Genetic interactions provide a window to the organization of the thousands of biochemical reactions in living cells. If two mutations affect unrelated cellular functions, the fitness effects of their combination can be easily predicted from the two separate fitness effects. However, because of interactions, for some pairs of mutations their combined fitness effect deviates from the naive prediction. We study genetic interactions in yeast cells by analyzing a publicly available database containing experimental growth rates of ~5 million double mutants. We show that the characteristic strength of genetic interactions has a simple power law dependence on the fitness effects of the two interacting mutations and that the probability distribution of genetic interactions is a universal function. We further argue that the strength of genetic interactions depends only on the fitness effects of the interacting mutations and not on their biological origin in terms of single point mutations, entire gene knockouts or even more complicated physiological perturbations. Finally, we discuss the implications of the power law scaling of genetic interactions on the ruggedness of fitness landscapes and the consequent evolutionary dynamics.   

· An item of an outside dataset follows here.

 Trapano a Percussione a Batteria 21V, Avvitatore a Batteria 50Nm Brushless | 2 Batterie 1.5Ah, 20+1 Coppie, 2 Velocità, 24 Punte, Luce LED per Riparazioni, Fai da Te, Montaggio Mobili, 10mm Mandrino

Speeding up Evolutionary Search by Small Fitness Fluctuations

We consider a fixed size population that undergoes an evolutionary adaptation in the weak mutation rate limit, which we model as a biased Langevin process in the genotype space. We show analytically and numerically that, if the fitness landscape has a small highly epistatic (rough) and time-varying component, then the population genotype exhibits a high effective diffusion in the genotype space and is able to escape local fitness minima with a large probability. We argue that our principal finding that even very small time-dependent fluctuations of fitness can substantially speed up evolution is valid for a wide class of models.   

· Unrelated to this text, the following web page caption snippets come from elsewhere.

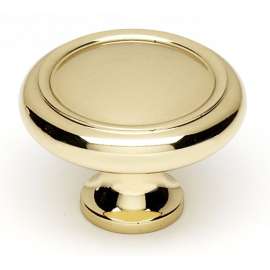 A1160-PB Knob Traditional 1-1/2-in in Polished Brass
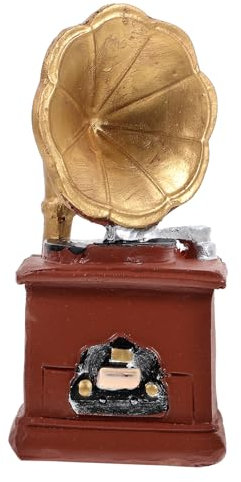 ULTECHNOVO Miniature Retro Phonograph Model Resin Dollhouse Ornament Vintage Design for Home Decor and Photography Props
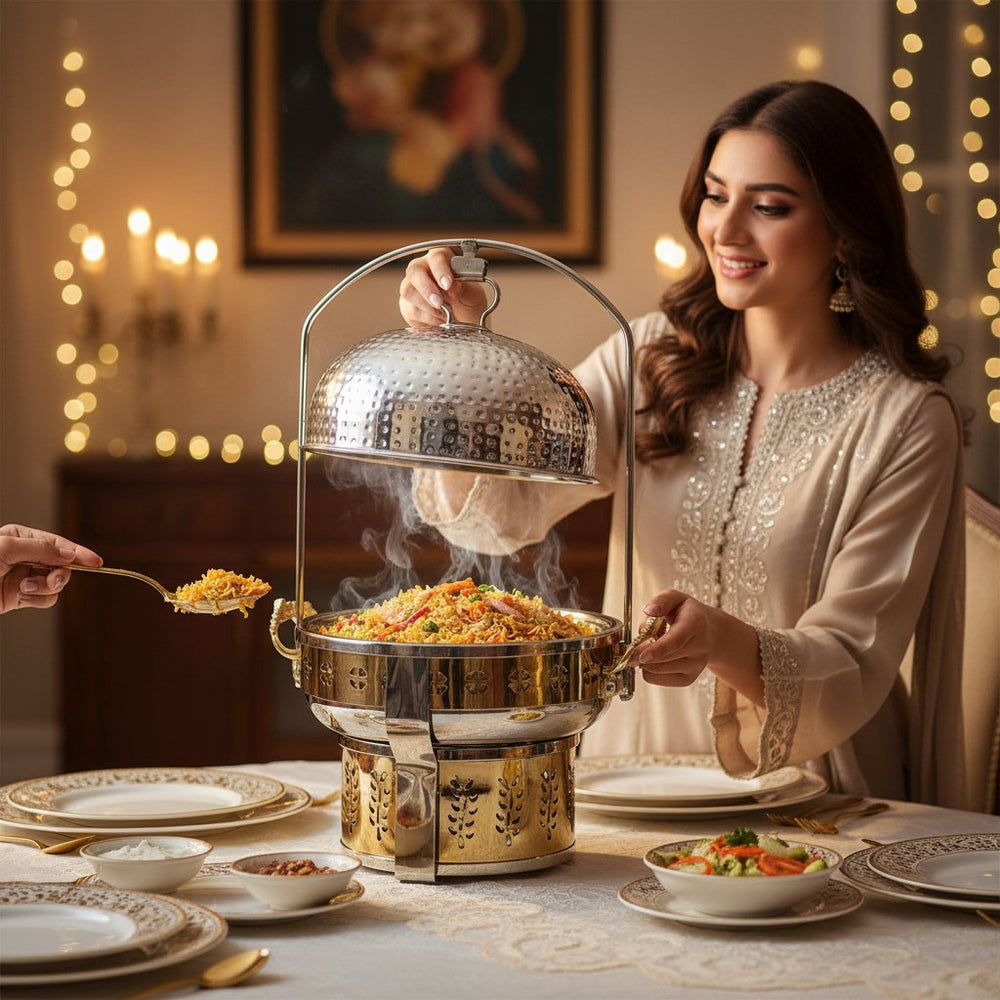 Home Sajawat hammered dome chafing dish with stand, stainless steel with gold accents, ideal for buffets and events.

Experimental observation of critical slowing down as an early warning of population collapse

Near tipping points marking population collapse or other critical transitions in complex systems small changes in conditions can result in drastic shifts in the system state. In theoretical models it is known that early warning signals can be used to predict the approach of these tipping points (bifurcations), but little is known about how these signals can be detected in practice. Here we use the budding yeast Saccharomyces cerevisiae to study these early warning signals in controlled experimental populations. We grow yeast in the sugar sucrose, where cooperative feeding dynamics causes a fold bifurcation; falling below a critical population size results in sudden collapse. We demonstrate the experimental observation of an increase in both the size and timescale of the fluctuations of population density near this fold bifurcation. Furthermore, we test the utility of theoretically predicted warning signals by observing them in two different slowly deteriorating environments. These findings suggest that these generic indicators of critical slowing down can be useful in predicting catastrophic changes in population biology.